Instructions for the task — Quote word for word the lines starting at the line with "自転車本体 Volume District BMX Bike-20\" and ending at the final line of the entries. Leave out any pictures.

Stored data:
=-=-=-=-=
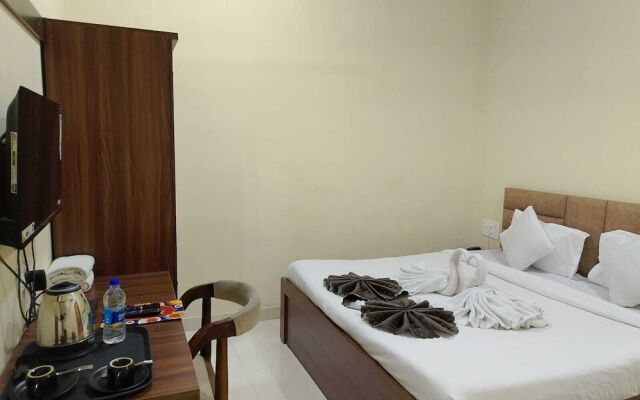 Hotel Raipur Pride - Raipur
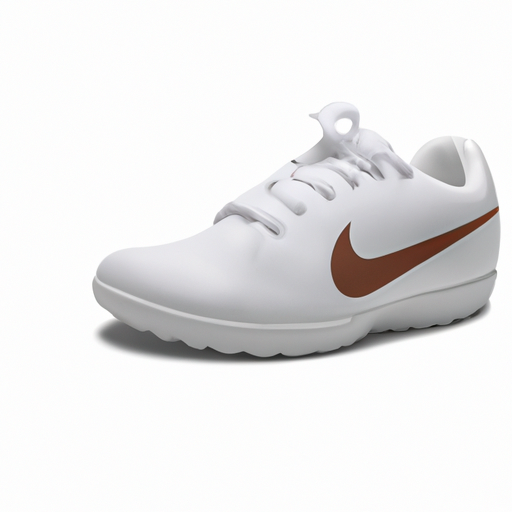 Nike Men's Baseball, White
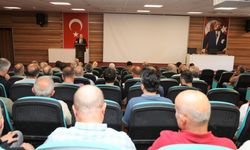 Kastamonu MEM’den “15 Temmuz” konferansı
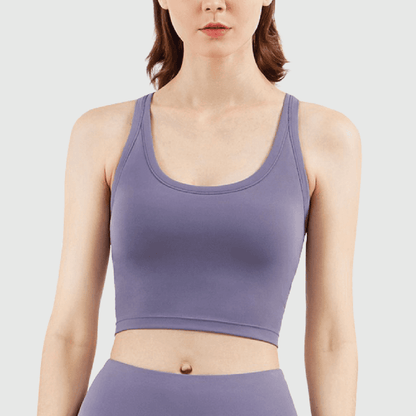 Leena Activewear [Top Only] - SupraSports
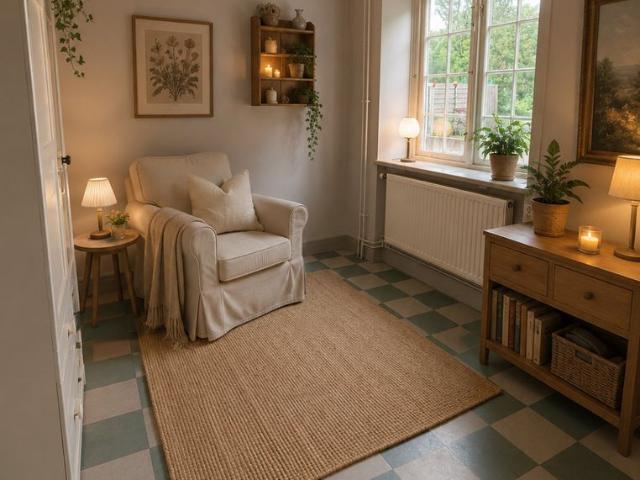 Lägenhet hyra i Strängnäs, Södermanland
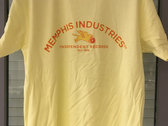 Memphis Industries Tee and Tote Bundle photo 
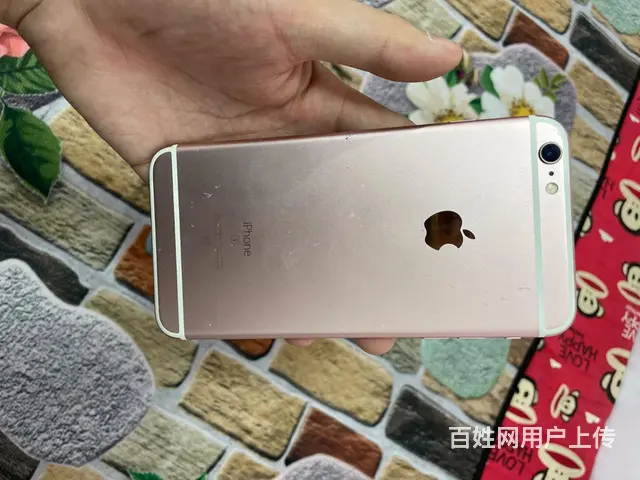 【搞定了！】苹果6splus - 图片 3
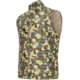 Forloh Mens Merino Hi-Loft Insulator Vest FDAFF09C, Deep Cover, XL, 11740-DC-GT-XL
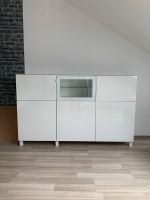 Ikea BESTA Sideboard Hessen - Frankenberg (Eder) Vorschau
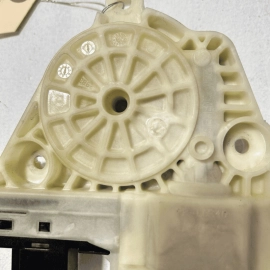 2010-2016 Porsche Panamera Rear Passenger Side Door Window Regulator Motor 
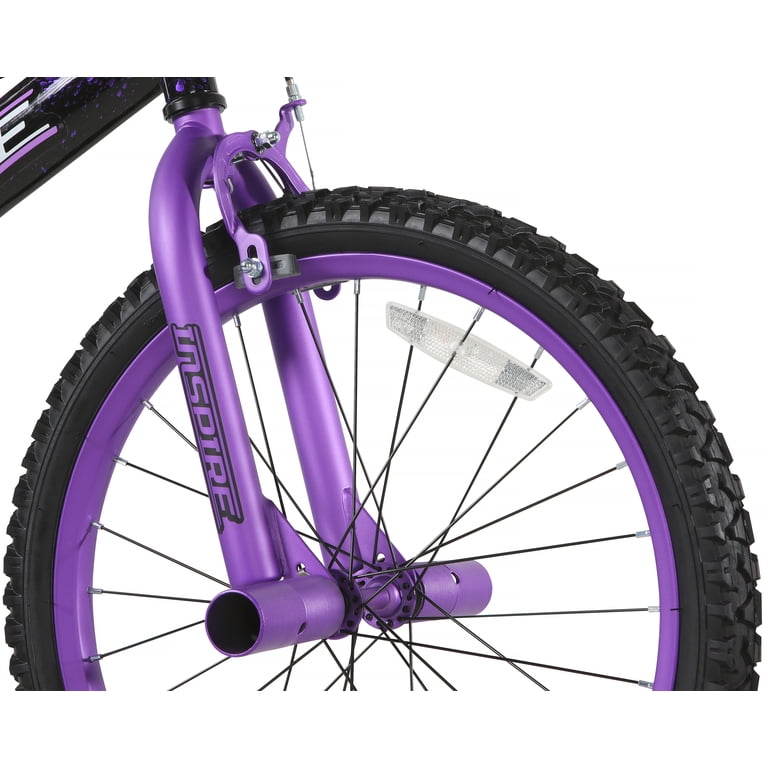 自転車本体 Volume District BMX Bike-20\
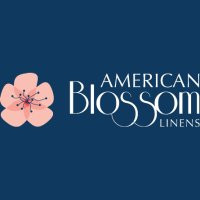 American Blossom Linens logo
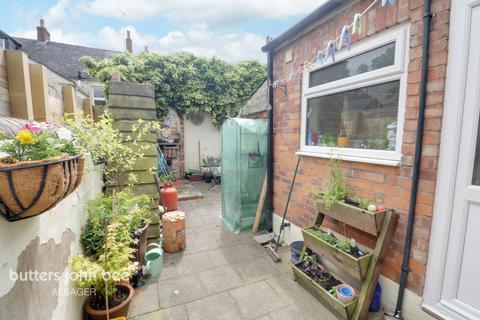 8 Belvedere Terrace, Rode Heath, Stoke-on-trent, ST7 3SA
=-=-=-=-=
Response area —
 自転車本体 Volume District BMX Bike-20\
 American Blossom Linens logo
 8 Belvedere Terrace, Rode Heath, Stoke-on-trent, ST7 3SA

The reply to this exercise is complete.